Are You Intelligent and Sane Enough?
When I begun looking for my ‘dream job’ after graduating from university I was suddenly thrust into a whirlwind of Intelligence and Personality tests that assessed my ‘capabilities’ of performing the numerous roles that I applied for before I could even get an interview.
Officially these psychometric evaluations are a key component in the approach of exploring individual differences. Both of these create a conflict-ridden debate as to the effectiveness of what the test is measuring.
In my case I became only too aware that I am not very good when it comes to having to answer which comes next in a series of patterns!
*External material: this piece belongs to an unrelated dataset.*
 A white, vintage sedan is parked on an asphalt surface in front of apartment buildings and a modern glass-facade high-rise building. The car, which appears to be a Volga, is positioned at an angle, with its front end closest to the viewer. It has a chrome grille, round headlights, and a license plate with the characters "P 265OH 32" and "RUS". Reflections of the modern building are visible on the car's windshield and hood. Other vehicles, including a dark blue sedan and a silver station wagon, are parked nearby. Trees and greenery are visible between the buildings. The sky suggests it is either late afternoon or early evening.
I also quickly questioned how determining which came next in a series of what looked to me like a random set of patterns showed my prospective employer that I was hard working, able to meet deadlines, able to produce high quality reports and possess excellent communications skills. (Ok I am selling myself a little high, but you get the gist of what I mean!)
Whilst I detest having to take any kind of test or exam, and would love to argue that Intelligence tests are not a logical and plausible predictor of the future. There is too much research that indicates quite the opposite and I also begrudgingly have to agree that they seek out potential ideal candidates for some specific jobs such as a mathematician or a physicist or maybe an astronaut for NASSA, but I have to dispute the logic behind a Personality test.
Personality tests are frequently quite deficient in predicting your behaviour, mainly due to the indirect assessment methods that are employed in a personality questionnaire. Individuals have the ability to fabricate their responses on a questionnaire and can also have incorrect self-perceptions. Rosse, Stecher, Miller & Levin This in turn means that the validity of the data that is collected on someone is dubious and problematic.
A serial killer isn’t going to tell you he is a serial killer; is he? No! He is going to form a favourable impression due to wanting that job.
Intelligence tests are a direct measure of your behaviour. There is only one correct answer on an intelligence questionnaire and you either have that particular knowledge or you do not. Responses cannot be falsified.
After a little research I have found that there is some evidence Chamorro-Premuzic & Furnham that shows IQ tests are predisposed by performance and performance is predisposed by personality traits, such as Neuroticism, Extraversion and Openness Ackerman and Heggestad which in turn does indicate a slight link between the two and that they are measuring the same thing. Ultimately, our behaviour.
Not so good for my theory that they are unnecessary!